The following is a lightly-edited transcript of MNI’s exclusive interview Monday with Fed Board Governor Stephen Miran.  

MNIHow do you see the economy evolving this year in terms of the two sides of the Fed’s mandate and what do you see as the appropriate central bank response to that outlook? 

Miran: I see the economy having entered the year with decent momentum, and expect the economy to continue to perform reasonably well, in part because the Fed is moving to a more appropriate stance. That said, I think there's more work that we have to do in moving towards an appropriate stance. 

It's pretty clear to me that underlying inflation has already been running pretty close to our target. I gave a speech on the subject in mid-December where I argued that most of the excess inflation over target is due to statistical quirks of the measuring process that relate to the housing inflation that we experienced several years ago that's just taking a very, very long time to normalize in the data, even though market rents have been running at a 1% rate for a couple of years now, and average tenant rents have caught up to new tenant rents, and due to what I think what are pretty nonsensical constructions for measuring financial services in the PCE inflation data. Once you extract from both of these distortions, underlying inflation is running at around 2.3%, which is basically with the noise of our target. 

If you look at the CPI data that came out after the last FOMC meeting in December, they came in much lower than people were expecting. It is true that that was biased partly down with respect to some special factors around housing and the way BLS treated the government shutdown. So that's true, but I think nevertheless, it's important that we pay attention to biases on both sides when we think about where inflation is and where shelter inflation is. I think it would be cherry picking to want to look through the December inflation data because of that bias in the shelter inflation calculations, without also adjusting for the fact that catch up appears to be just about done, with average tenant rents catching up to new tenant rents, and that we therefore should expect that overall shelter inflation will come down quickly now.

MNICan you explain why the convergence process you described (between market rents and measured shelter inflation) makes you expect even faster disinflation, and why that doesn't signal that maybe the disinflation process is kind of nearing an end?

Miran: The way that the BLS constructs the shelter inflation data and CPI, which then feed into PCE inflation, is that they're focused on the rents paid by all tenants, which makes sense, because we want to capture costs borne by all people in society. Now, if people reset their leases only infrequently, because, you know, you reset your lease maybe once a year for most people, when you renew, or only when you move homes, or even move out, or to start starting a household, whatever it is – it will take time for for the average, basically, to catch up to where market rents are right now, because market rents are showing you the price for a new lease. Therefore, there's a long period of time that it takes for the measured inflation data to catch up to where the actual market is, because most people are only resetting their lease infrequently. 

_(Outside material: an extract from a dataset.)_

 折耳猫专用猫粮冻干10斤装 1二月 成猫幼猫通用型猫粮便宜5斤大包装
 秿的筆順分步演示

Now, for some reason, mostly relating to sample restrictions, the CPI rents have actually taken longer to catch down then a measure called average tenant rents, which is drawn from the same micro data as the CPI rents, but imposes some different sample restrictions to deal with missing data and problems like that, and obviously incorrect reads and other sort of standard, standard data issues.

But because the average tenant rents appear finally to have caught up to new tenant rents, and because market rents have been running at a 1% rate for a couple of years, that gives me a lot of confidence that we're going to see CPI rents really start to decelerate in the near future. And this is something that's new, and that wasn't the case, say, 18 months ago, because average tenant rents have not caught up to new tenant rents. Market rents hadn't been showing a couple years worth of low inflation. There was not really a lot of confidence that the acceleration in measured CPI rents would really occur. And now I think we can have a lot of confidence, because these other two things have been going on for a while now. 

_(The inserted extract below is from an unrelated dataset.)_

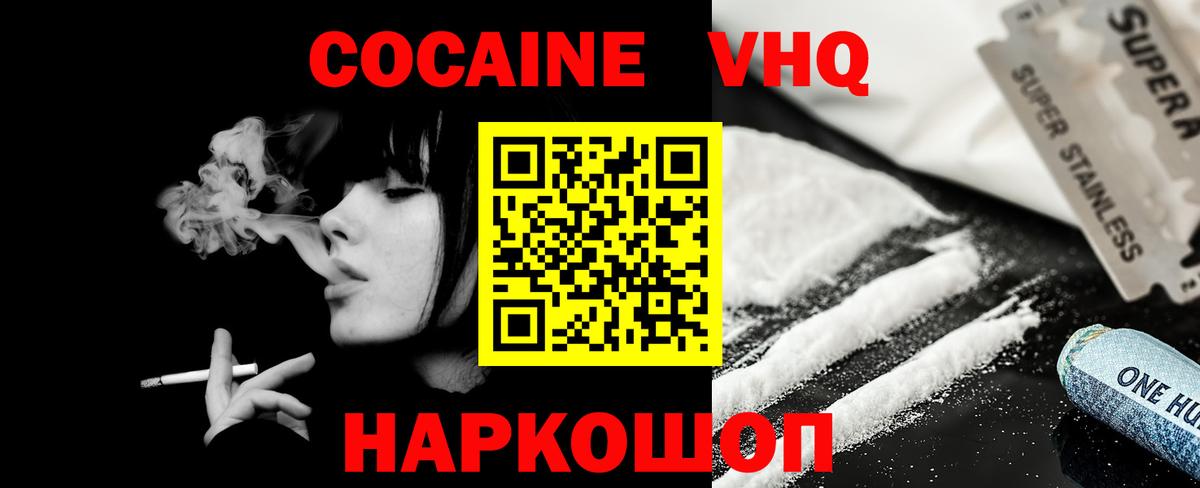 Cocaine 98%  Вход с VPN  Сибай  COCAIN  Кокаин Columbia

There was some concern that if market rents started picking up again, then you sort of extend the period that it takes for CPI rents to catch up to new rents. But that concern doesn't appear to be a reasonable concern right now, given what's going on in the labor market. So as a result of these things, I think it makes a lot of sense to expect a swifter deceleration in CPI rents, which again, also means PCE rents, because they flow through. And I'm not alone in this, I think Goldman has published on this a couple times the last couple months. I think a lot of other people have published on this as well. 

What I would like my colleagues to do is to recognize that this is in the pipeline and that what we look at when we look at measured PCE inflation is a bit of, you know, we're looking at a backward mirror, right? We're seeing data that were reflective of the housing situation in 2023, not data that are reflective of the housing situation now, let alone the housing situation in 2027 and because the monetary policy lags, really into making policy for 2027 not 2023. 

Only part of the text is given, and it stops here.